= American Bar Association Model Code of Professional Responsibility =

Set of professional standards for lawyers in the United States

The American Bar Association Model Code of Professional Responsibility, created by the American Bar Association (ABA) in 1969, was a set of professional standards designed to establish the minimum baseline of legal ethics and professional responsibility generally required of lawyers in the United States.

It was replaced with the Model Rules of Professional Conduct in 1983 for a number of reasons, especially the Watergate scandal. The Code was also subject to widespread criticism from bench and bar that it was structurally flawed, difficult to understand, hard to obey, and impossible to enforce. The Code consisted of Canons, Ethical Considerations, and Disciplinary Rules, of which the first two were aspirational and only the third was mandatory.

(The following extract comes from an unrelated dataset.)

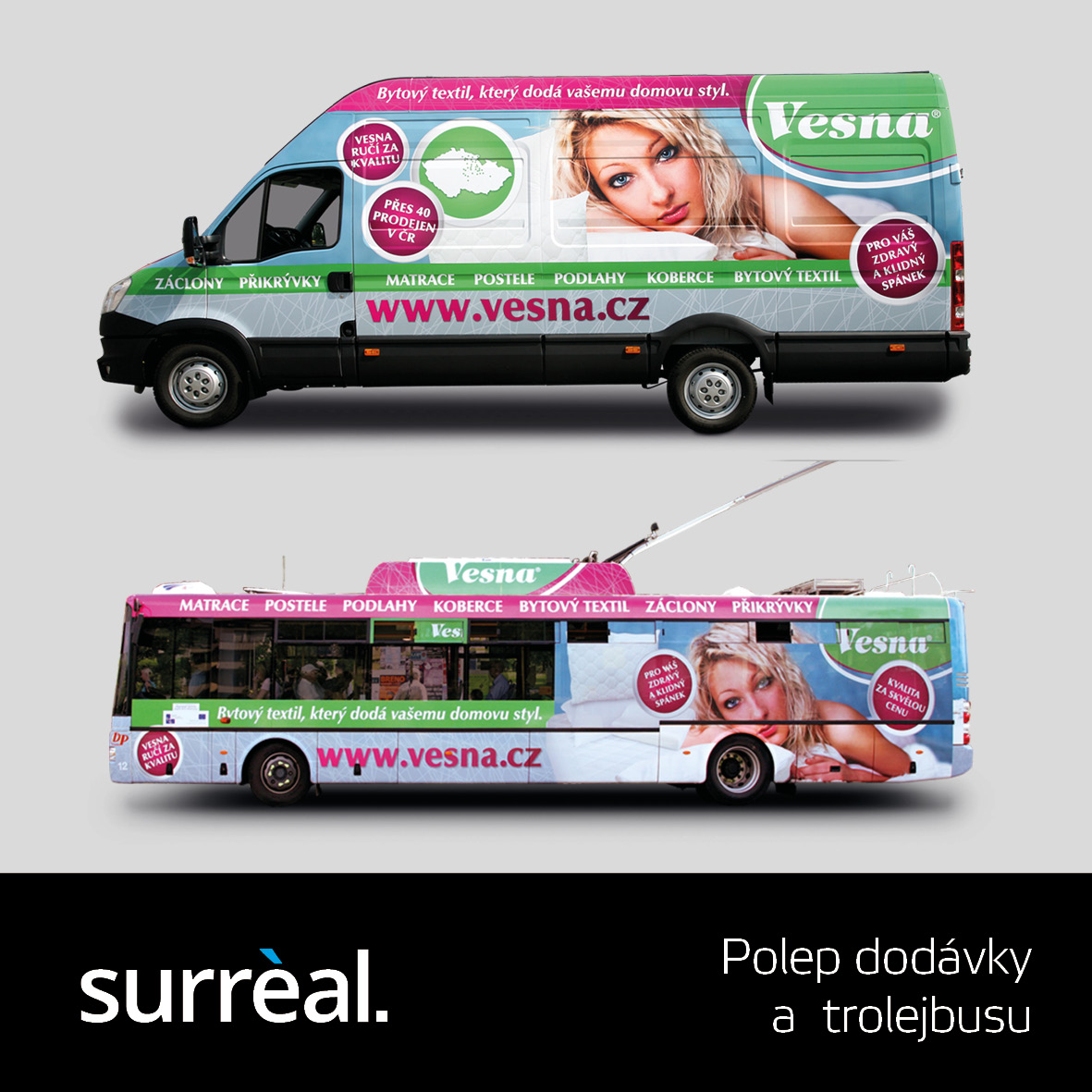 Polep dodávky a trolejbusu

This forced judges and lawyers to sort through a maze of Canons and Ethical Considerations just to understand the Disciplinary Rule that controlled a particular ethical issue. During a key debate in late January 1982 over whether to replace the Model Code with the Model Rules, one delegate "referred to the nine canons, 129 ethical considerations and forty-three disciplinary rules as a three-dimensional chess game that lawyers played at their own peril." The American legal community demanded simple bright-line rules that its members could quickly read, comprehend, and follow. In response, the Model Rules consists simply of Rules.

According to the Code's Preface, it was derived from the ABA's Canons of Professional Ethics (1908), which in turn were borrowed from the Canons of the Alabama State Bar (1887), which in turn were inspired by several sources such as ethics resolutions in an 1830s legal textbook.

The U.S. state of New York was the last state using the Code for many years, long after all other states–except California and Maine–had adopted the Model Rules. On December 17, 2008, the administrative committee of the New York courts announced that it had adopted a heavily modified version of the Model Rules, effective April 1, 2009. New York's version of the Model Rules was created by adjusting the standard Model Rules to reflect indigenous New York rules that had been incorporated over the years into its version of the Model Code. Even though New York did not adopt the Model Rules verbatim, the advantage of adopting its overall structure is that it simplifies the professional responsibility training of New York lawyers, and makes it easier for out-of-state lawyers to conform their conduct to New York rules by simply comparing their home state's version of the Model Rules to New York's version.